Documentation in the Digital Age

Alli’s post about un/documentation recalled the discussions we had about documentation of criminals and, later, of Irish political prisoners towards the beginning of the semester. Today, she said, we have countless outlets via social media platforms through which to channel our voices: Facebook, Twitter, Instagram, Pinterest and the like. We are documenting ourselves. While I agree that a class-determined invisibility (also determined by celebrity status?) exists, I see a great threat posited by the documentary and archival functions of these platforms – a threat for everyone, regardless of personal and social identities.

In September of this year, the FBI released a statement that its improved biometric analysis software was at “full operational capacity.” This system, in development for over eight years, is called Next Generation Identification (NGI) and will replace completely the FBI’s preexisting fingerprint identification database/program. NGI captures not only facial structure and fingerprints, but also tattoos, scars, bodily marks, and gait. Although the FBI has allegedly has the storage capacity for this data for years, NGI automates the process of documentation and retrieval. NGI does what the police officers and documentarians in Irish political prisons couldn’t do: streamline the archival and functional processes of documentation of criminals to actually be useful – or harmful, depending on how you view it.
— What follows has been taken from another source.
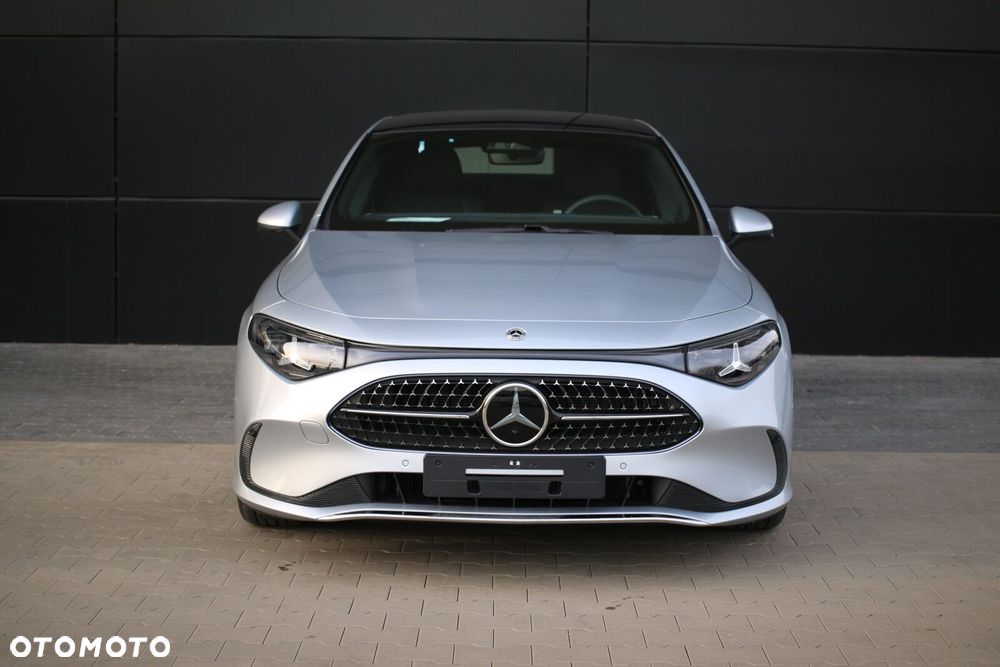 Mercedes-Benz CLA - 3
According to the FBI’s press release, NGI has more advanced biometric recognition and capture capabilities than any identification system before. With a new feature called Rap Back, police and other surveilling authorities will “receive ongoing status notifications of any criminal history reported on individuals holding positions of trust.” Rap Back also monitors people under “investigation or supervision,” potentially encompassing a wide range of criminals, guilty or not.

On September 14, the FBI declared that its new digital archive holds over 52 million faces of  criminals and civilians. Because of the recent Freedom of Information Act, the FBI is required to provide estimates of civilian faces, thought to be up to 4.3 million. These civilian photographs are taken from employer records as well as the aforementioned social media platforms. The FBI claims that those selected by the system are not identified as criminals, but as “investigative leads.” In other words (of the FBI), NGI will not incriminate innocent civilians. I don’t buy this. Consider how the biometric documentation of the body and physical/anatomical definition of the criminal begun by Lombroso and Bertillon continues in our societal fascination with the body today. Are misleading physiognomic analyses making a return to the FBI’s investigations? (Okay, maybe not that far, but the widespread and civilian analysis is frightening.)

To return Alli’s question about documentation and invisibility, I don’t think that any of us are wholly invisible with this new NGI software. Surveillance camera footage, selfies posted on Instagram, tagged photos on Facebook – we are, to quote journalist Natasha Lennard, “feed[ing]” the information system, increasing this software’s ability to recognize and inculcate us in crimes and other questionable activities. Whether we document ourselves, we are not invisible.

Makes me think twice about Instagramming the tattoo I want to get over break…


Federal Bureau of Investigation. Criminal Justice Information Services. FBI Announces
Full Operational Capability of the Next Generation Identification 5 Sept. 2014.
Federal Bureau of Investigation. Criminal Justice Information Services. Image-Based Matching Technology Offers Identification and Intelligence 2013.
Lennard, Natasha. “Your Face, Voice, and Tattoos Are the FBI’s Business Now.” Vice News. N.p., 17 Sept. 2014.